### Task directions
Write out the data exactly, please, and omit the pictures.

***

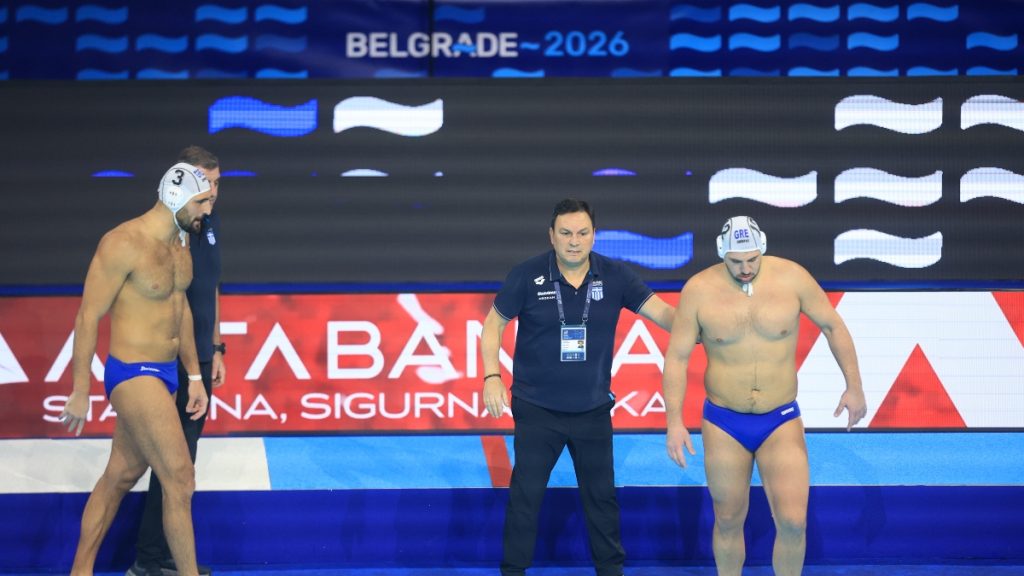 Βλάχος στην ΕΡΤ: Δεν ήμασταν καλοί στον παίκτη λιγότερο, θα δώσουμε τα πάντα στον μικρό τελικό (video)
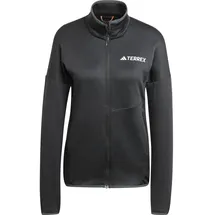 adidas Terrex Xperior Lite Damen Midlayer, schwarz - XL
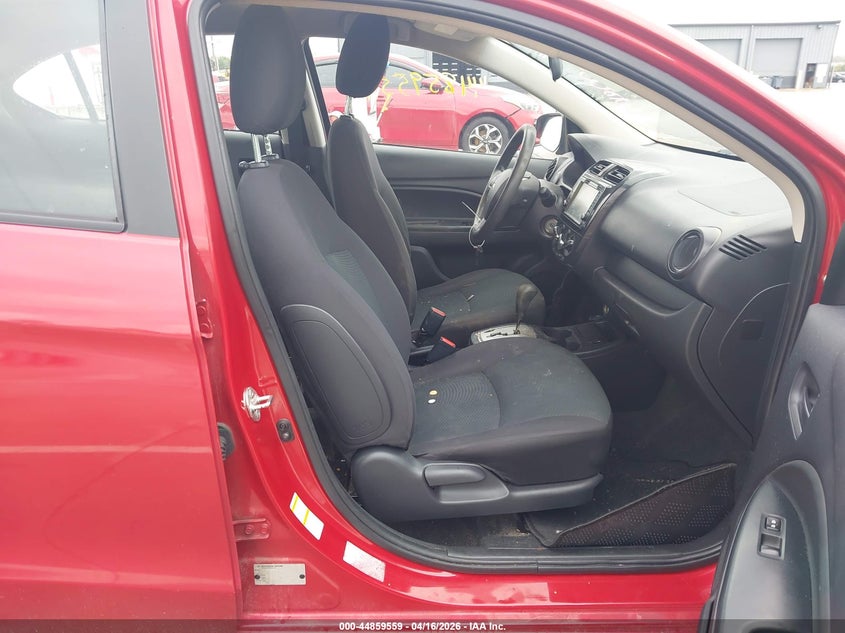 2019 Mitsubishi Mirage G4 Es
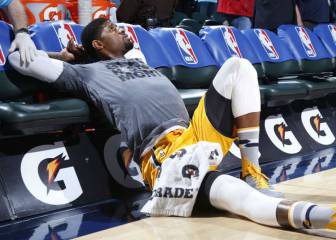 Última hora: Paul George dejará Indiana y prefiere a los Lakers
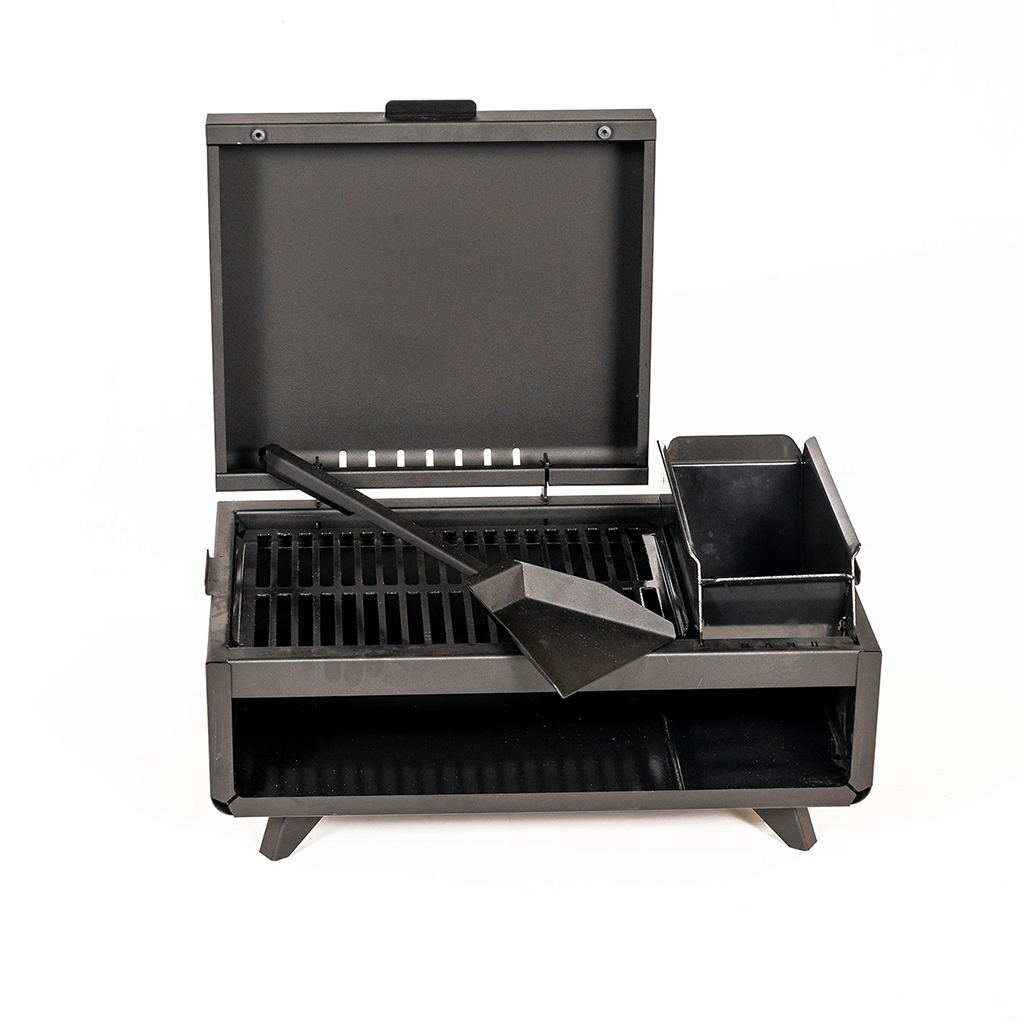 Parrilla de mesa Nano - Vule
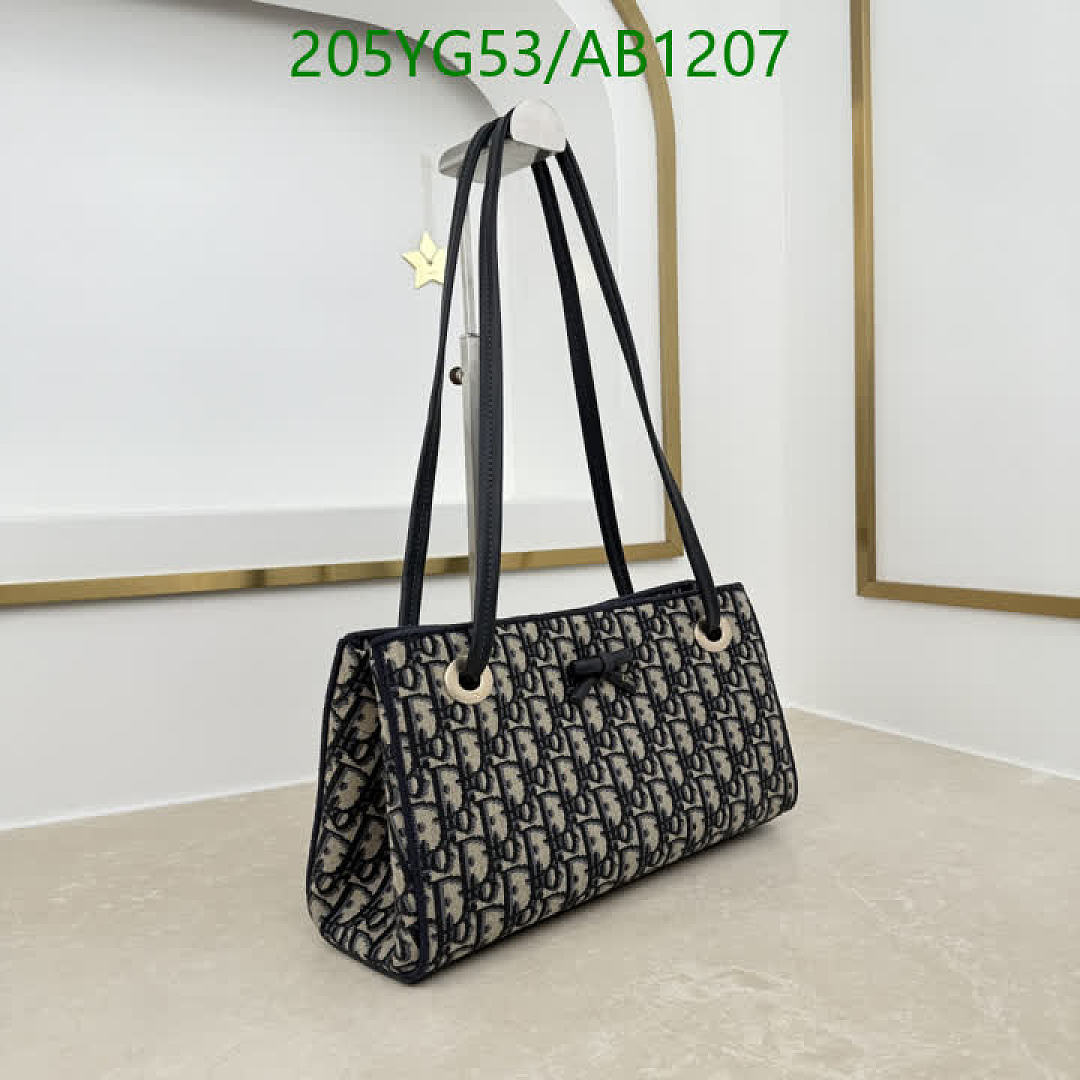 Dior-BagsMirror Quality Code: AB1207 $: 205USD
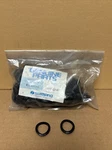 Nos (2) Shimano 1790100 Bottom Bracket Cup Set Seals For BB-6207 FC-6206 600EX. Fixed Price $14.99.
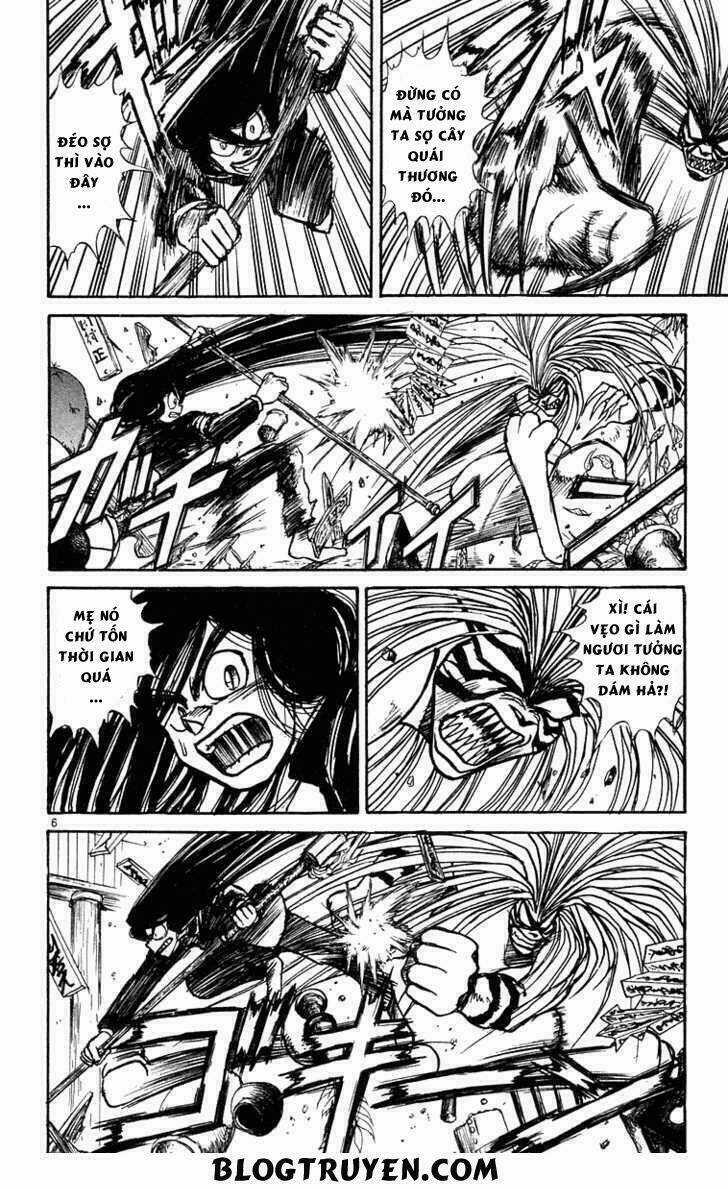 Ushio And Tora - Chapter 221 - Trang 8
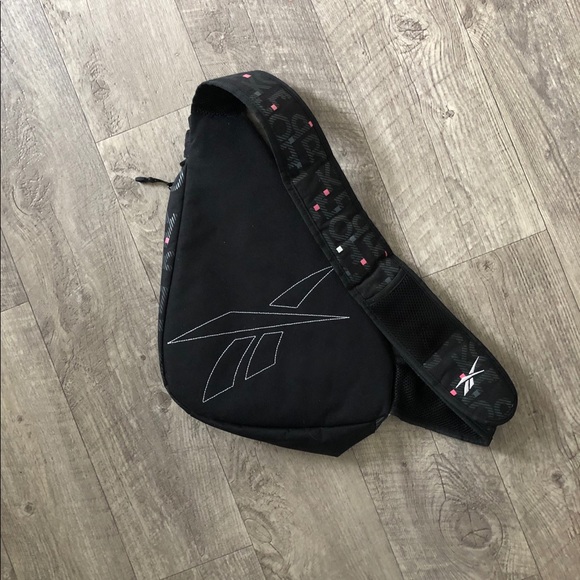 Reebok One Strap Backpack - Picture 2 of 2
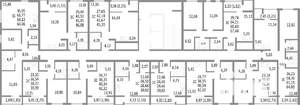 2-к квартира, вторичка, 40м2, 9/18 этаж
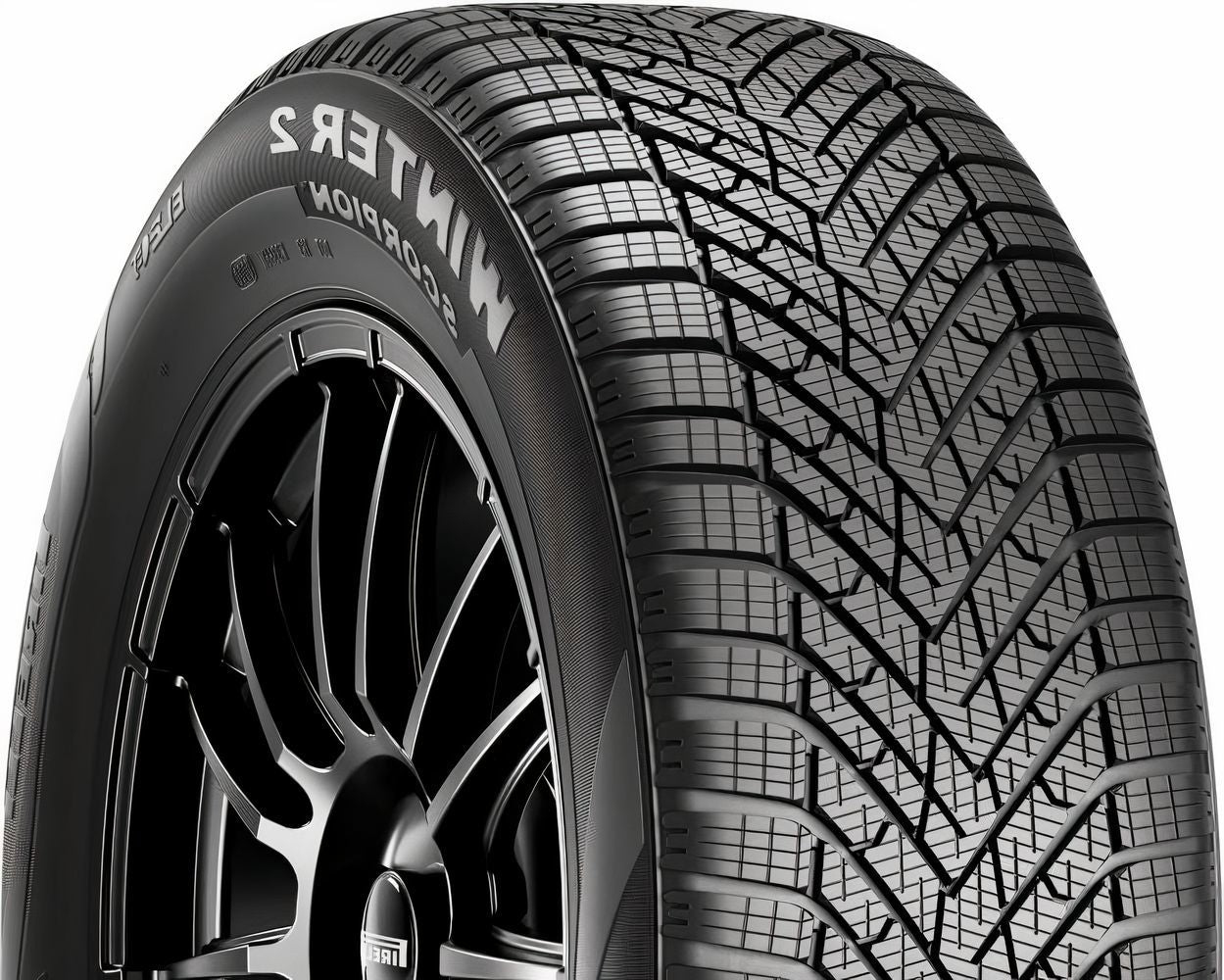Pirelli SCORPION WINTER 2 NCS ELT 285/65R20 116H XL BSW - Image 2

***

### Answer to the exercise
 Βλάχος στην ΕΡΤ: Δεν ήμασταν καλοί στον παίκτη λιγότερο, θα δώσουμε τα πάντα στον μικρό τελικό (video)
 adidas Terrex Xperior Lite Damen Midlayer, schwarz - XL
 2019 Mitsubishi Mirage G4 Es
 Última hora: Paul George dejará Indiana y prefiere a los Lakers
 Parrilla de mesa Nano - Vule
 Dior-BagsMirror Quality Code: AB1207 $: 205USD
 Nos (2) Shimano 1790100 Bottom Bracket Cup Set Seals For BB-6207 FC-6206 600EX. Fixed Price $14.99.
 Ushio And Tora - Chapter 221 - Trang 8
 Reebok One Strap Backpack - Picture 2 of 2
 2-к квартира, вторичка, 40м2, 9/18 этаж
Pirelli SCORPION WINTER 2 NCS ELT 285/65R20 116H XL BSW - Image 2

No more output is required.